So, after much searching and only coming across Abita’s Purple Haze or Amber or Light beers, a few days ago I finally stumbled across Jockamo IPA in a Buy Rite. One of the best things about Jockamo IPA is it’s ability to truly make you want to have another upon completion of one. And this isn’t because of it’s inherent nature of being beer, it’s because of it’s incredible flavor that’s a near perfect combination of intense hops and sweet malts—which makes it a perfect pairing for the spicy food of N’awlins.
Not only does it offer an impeccable taste, but Abita is also one of the leading micro breweries in North America in conservation and green efforts. They were the first to install an energy efficient brewing system that reduces energy use by 70%. They operate their own industrial wastewater treatment plant to generate their own energy. Their unfiltered beer that’s packaged in 6-packs is wrapped with recycled cardboard and 47% less cardboard than a normal 6-pack holder. Plus, their stubby bottles actually use less glass than the regular tall bottle and their sales team drives strictly gas-electric hybrids. So basically Abita makes incredibly delicious beer in one of the most sustainable ways known in America—what more could you want?!
The re-emergence of Jockamo IPA into my life this summer means it’s going to be one hell of a summer…
On my recent adventure across these great United States my cousin and I made sure to try every local beer we could in each destination we stopped for the night. In Austin, TX it was Shiner Bock, which I’ve had before, but of course still love. The Shiner Bocks flowed that night. The next stop was New Orleans, and we tasted the delectable Abita Beer. For the evening I stuck with the Jockamo IPA, which is named for the tribes of dancing, singing, chanting “Mardi Gras Indians” who have marched in New Orleans for over 250 years. It was a perfectly hopped, amber brew with tons of taste, especially while walking the streets of N.O. during the evening with one or five in my hand. Next up was Big River Brew in Chattanooga, TN, which is where we got our first taste of the craft beer sampler on the trip (seen below, which was $6 for seven 4oz beers).

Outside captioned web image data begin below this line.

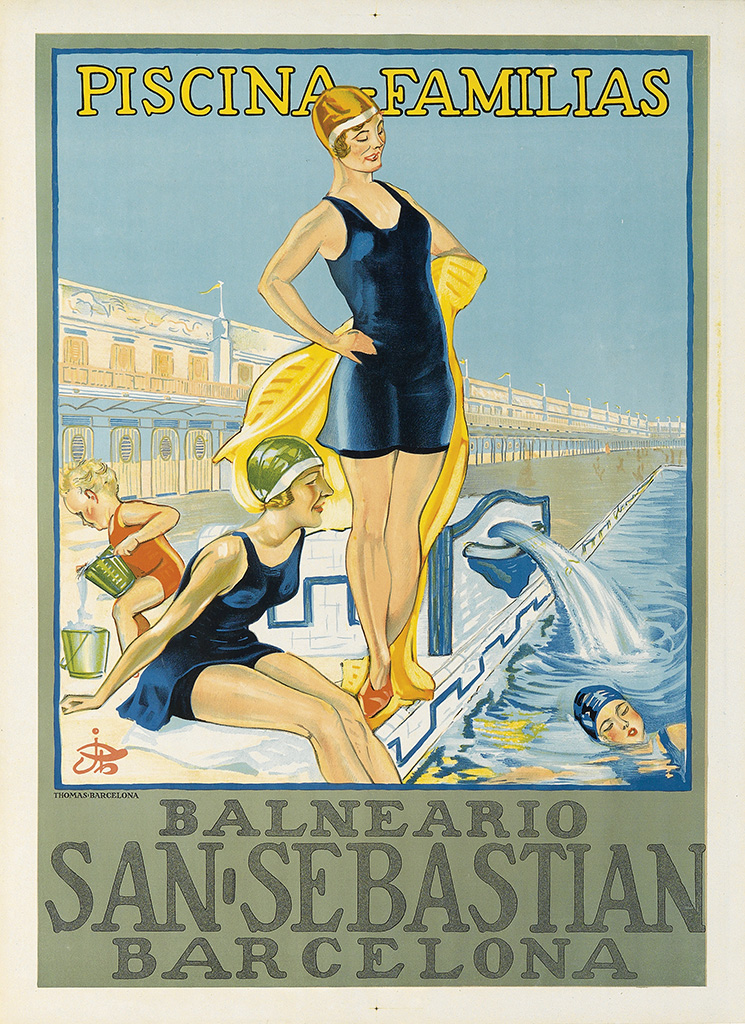 San Sebastian Barcelona, women in swimsuits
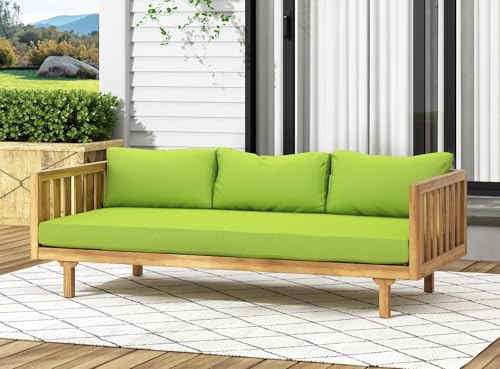 Outdoor 3 Seater Daybed with Cushions, Acacia Wood Patio Sofa D905
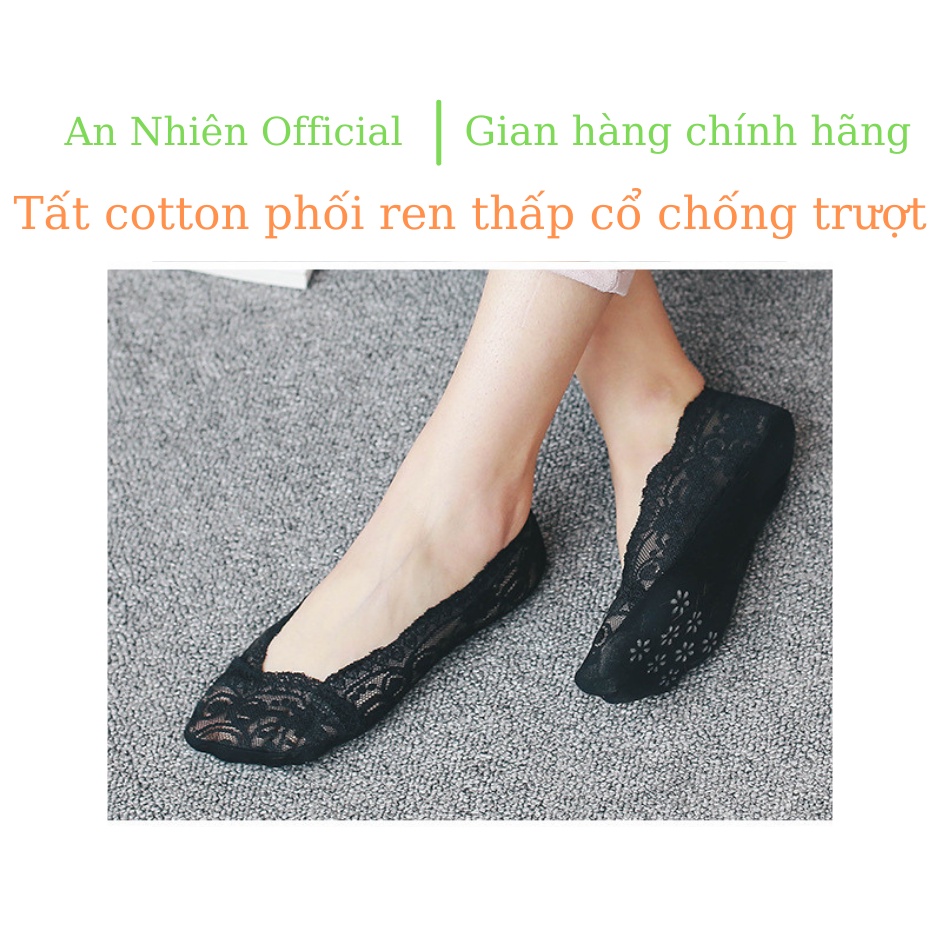 Tất Ren Cotton Cổ Ngắn Chống Trượt Hàng Thiết Kế Cao Cấp Siêu Đẹp Cho Nàng Cá Tính
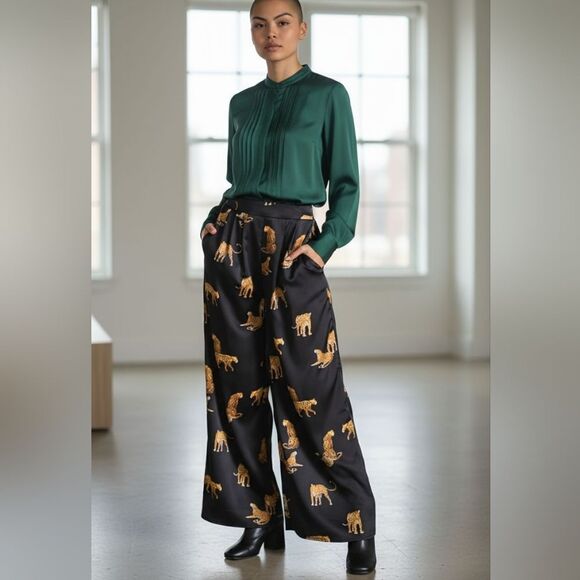 Stylish black wide-leg pants. Features a bold leopard print. - Picture 3 of 15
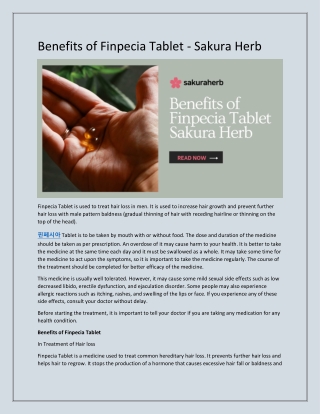 Benefits of Finpecia Tablet
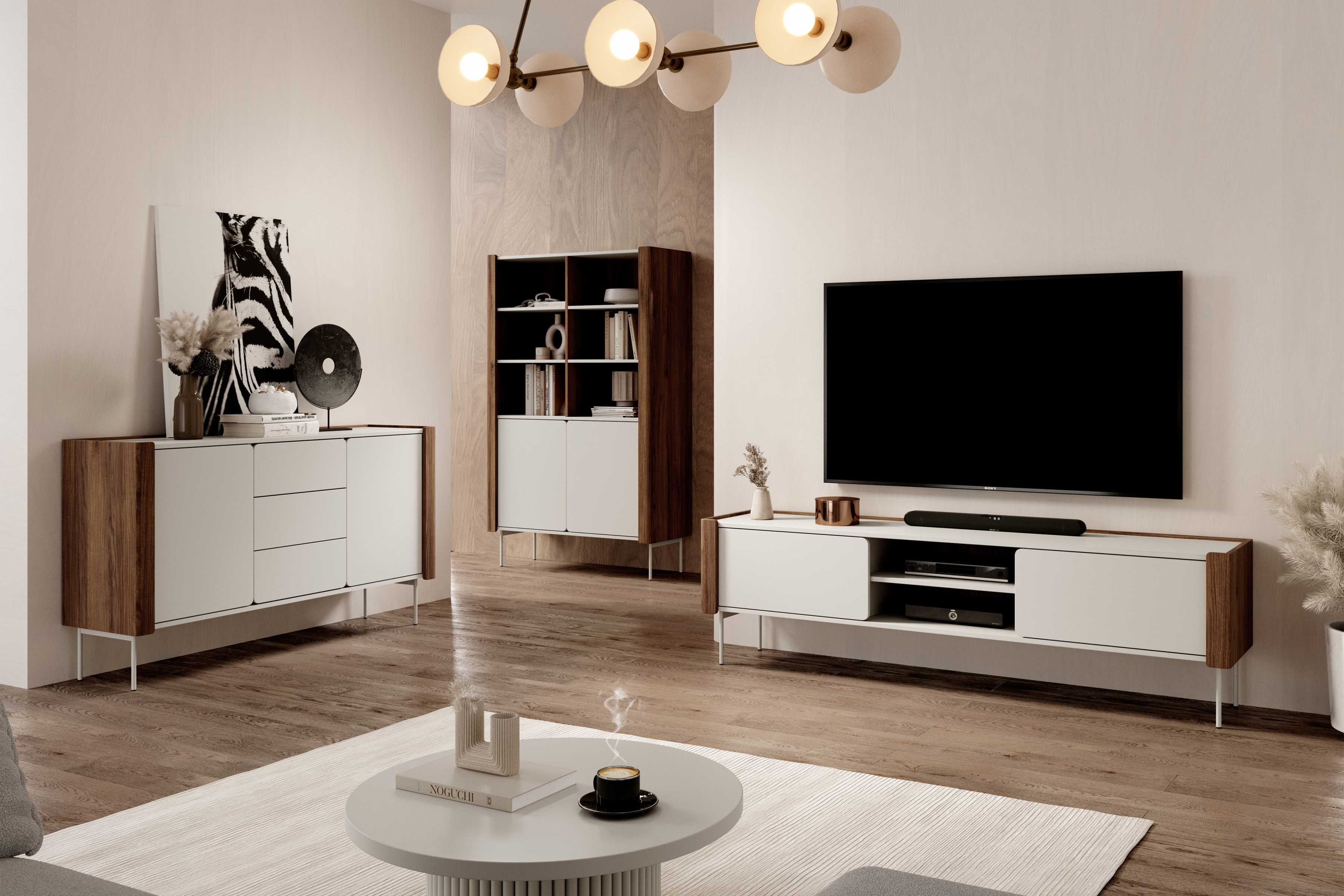 RTV skříňka Pelavo 180 cm - kašmír / ořech warmia skříňka RTV Pelavo 180 cm - kašmír / ořech warmia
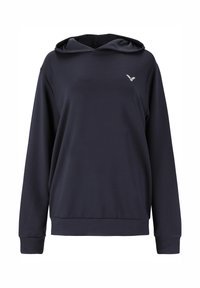 Mörkblå hoodie tillverkad av mjukt material, med en framficka, ribbade ärmslut, en huva med dragsko och en liten logotyp på bröstet.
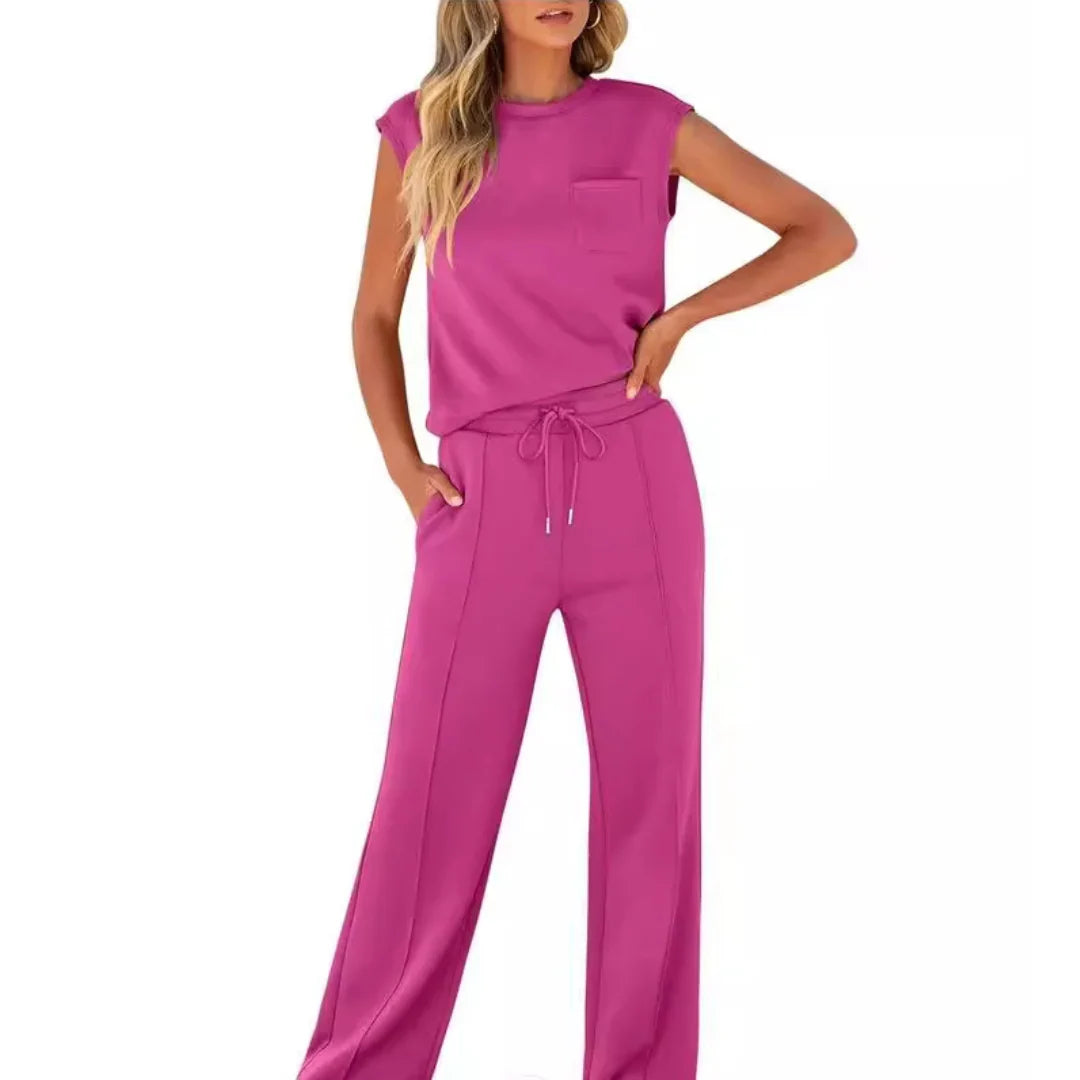 Women's Lounge Set | Two-Piece Sleeveless Top and Drawstring Pants
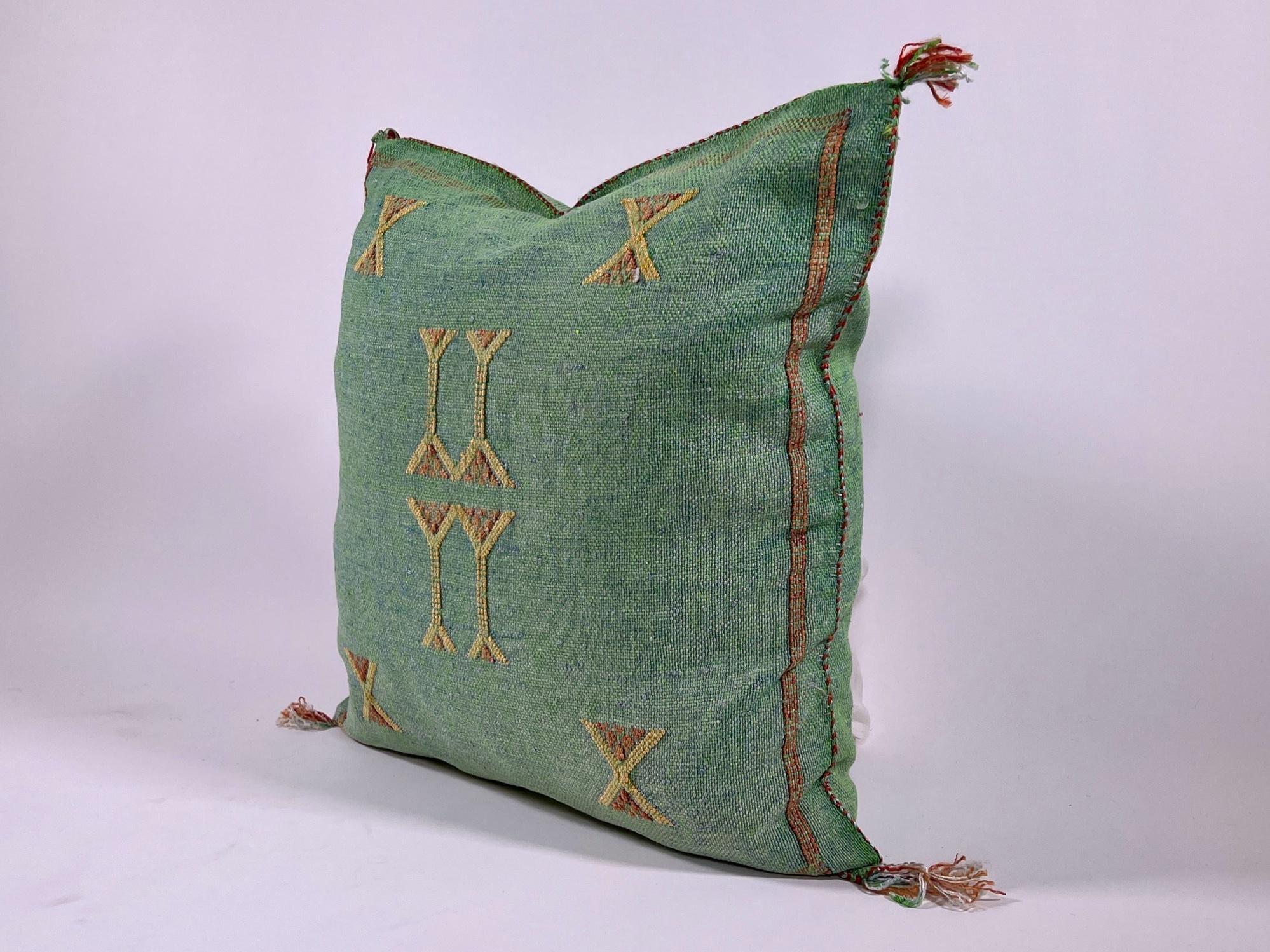 Green Teal Moroccan Silk Pillow Cover, Berber Kilim Boho Cushion, Handmade Bohemian Throw Pillow Cover - product image 3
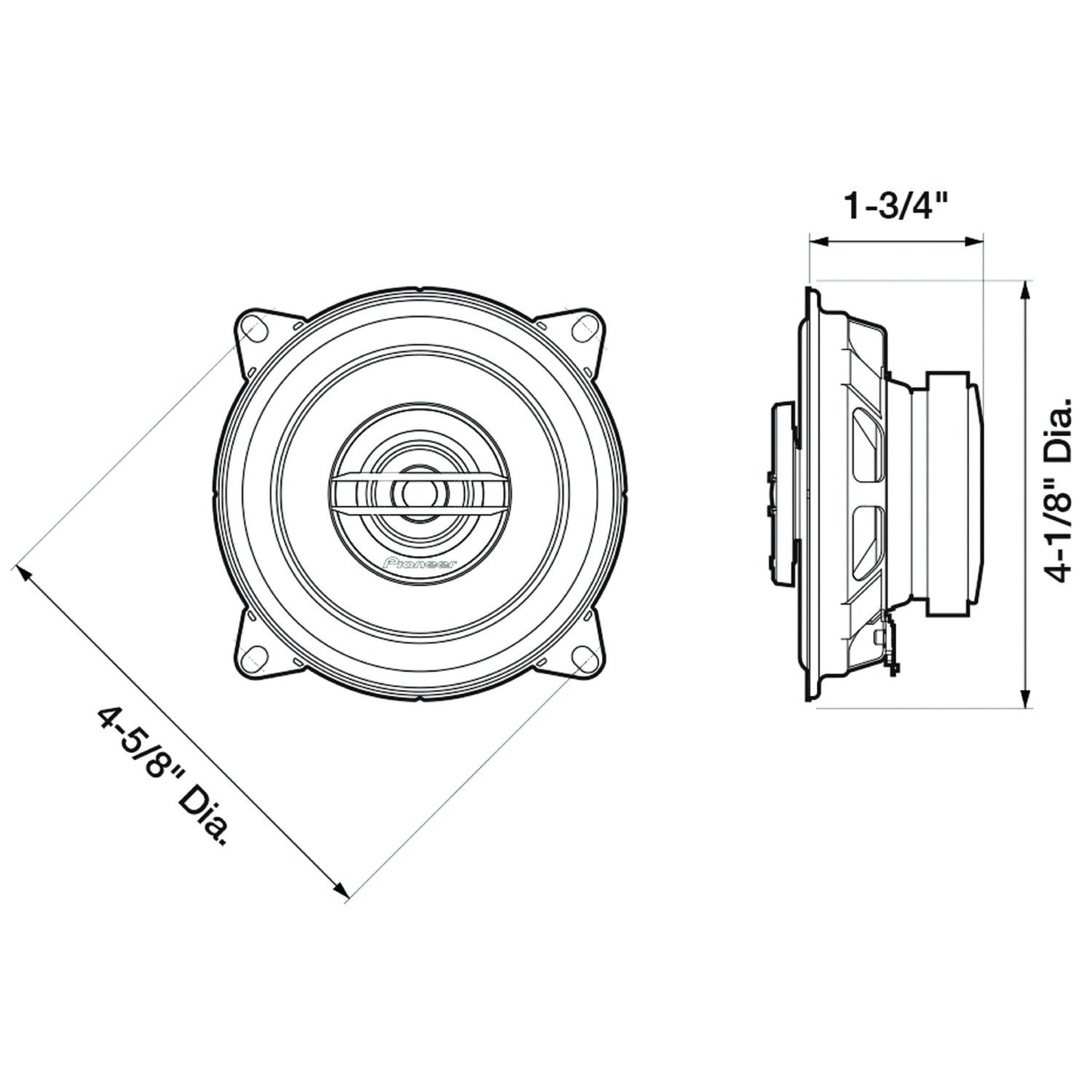 Pioneer TS-G1020S G-Series 4" 210W 2-Way Coaxial Speakers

The second to last beer on the right was my favorite. It’s called Sweet Magnolia Brown Ale and is a great blend of British crystal and chocolate malts with Mount Hood hops adding in the right mix of spice. It’s won a World Beer Cup Gold Medal, enough said.
Finally it was time for Gettysburg’s Appalachian Brewing Company for our last stop. Talk about some damn good beer. Their beer sampler, before it decimated us, can be seen above.
My favorite one of these was the Susquehanna Stout, which was a very dark brown brew with a smooth dry roasted taste typical of an Irish Dry Stout. The best brew they had though was their specialty Black IPA, which wasn’t available in the sampler, but was an ideal blend of a stout and an IPA (I had no idea such a tasty beer even existed). I brought home a growler of it for my pops, and he finished it within two days.
Craft beers and their samplers in the places they are brewed are the way to go on any road trip. Sampling the local flavors (food, beer, and women) are the only way I will ever travel again.